Answer: u = 2.264m/s
Therefore the initial speed of the rock is 2.264m/s downwards.
Question:
A rock is thrown downward into a well that is 9.00m deep. If the splash is heard 1.17 seconds later, what was the initial speed of the rock? Take the speed of sound in the air to be 343 m/s.
Step-by-step explanation:
Given;
Speed of sound in air vs= 343m/s
Time taken to hear the sound t= 1.17s
Distance travelled by rock is d = 9.00m (travelled downward)
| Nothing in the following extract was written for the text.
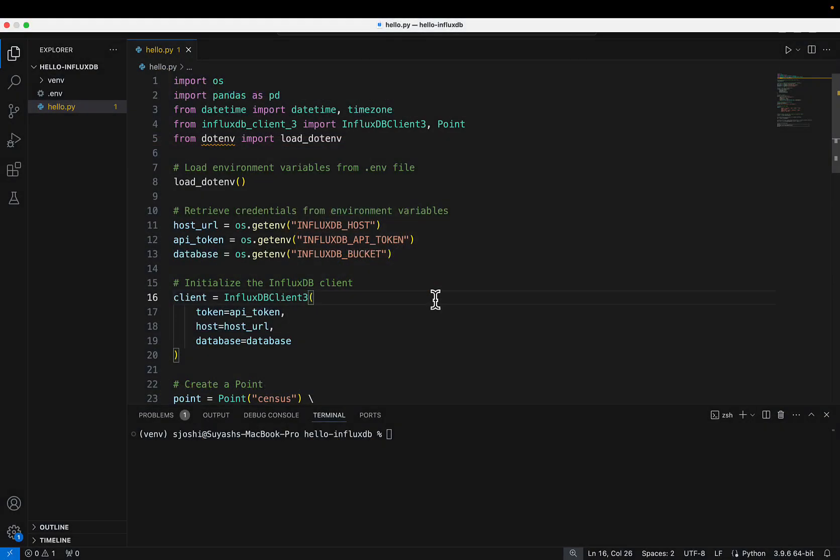Here we are in Visual Studio Code. I have in front of me a very straightforward Python program — a command line application that is going to connect to InfluxDB, write some data to it, query back the data from the bucket after it's written, and print out the result.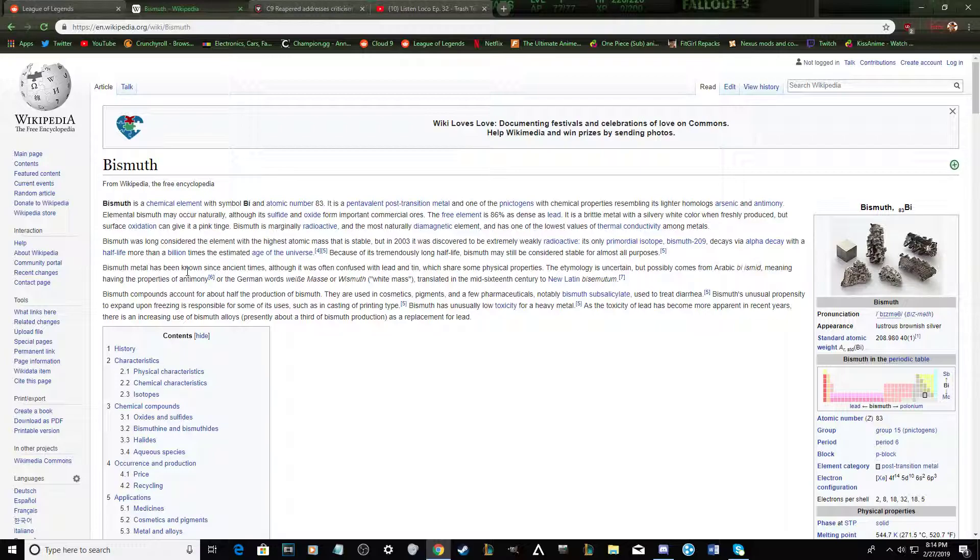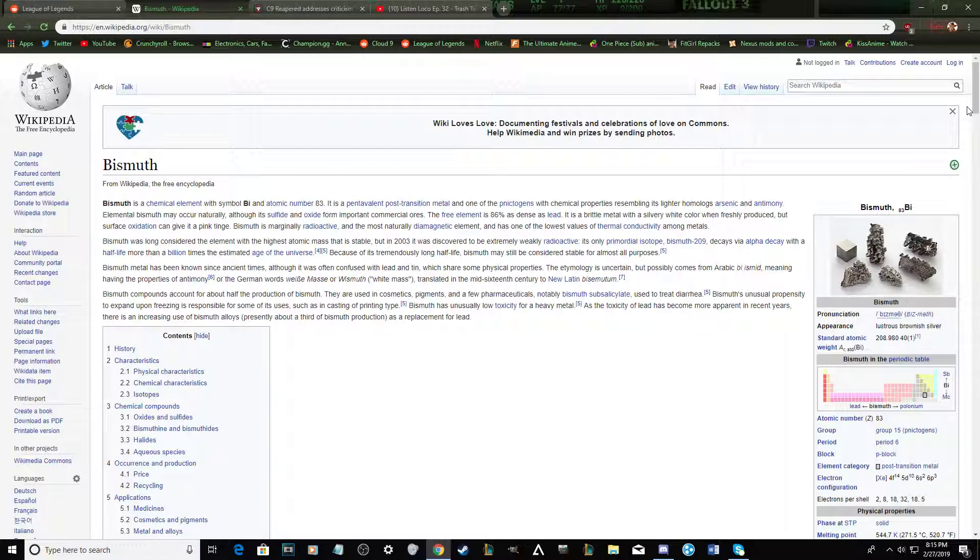And one of the pnictogens with chemical properties resembling its lighter homologues, triggered by an antimony. Elemental bismuth may occur naturally, although its sulfide and oxide form important commercial ore. Hey, what's up to you? The free element is 86% as dense as lead. It is a brittle metal with a silvery white color. This is getting difficult.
The total time taken to hear sound t can be written as;
t = t1 +t2 ......1
Where
t1 is the time taken for the rock to reach the bottom of the well and
t2 is the time taken for the sound to travel back to the top of the well.
t2 = distance/velocity of sound = d/vs = 9/343 = 0.0262s
From equation 1
t1 = t - t2
t1 = 1.17 - 0.0262
t1 = 1.1438
For the rock traveling, down the well the formula for distance travelled by the rock is;
d = ut + 0.5gt^2
u = (d -0.5gt^2)/t
For this case t = t1
g = 9.8m/s2 acceleration due to gravity
d = 9
u is the initial speed of rock.
u = (9 - 0.5×9.8×1.1438^2)/1.1438
u = 2.5894/1.1438
u = 2.264m/s
Therefore the initial speed of the rock is 2.264m/s downwards.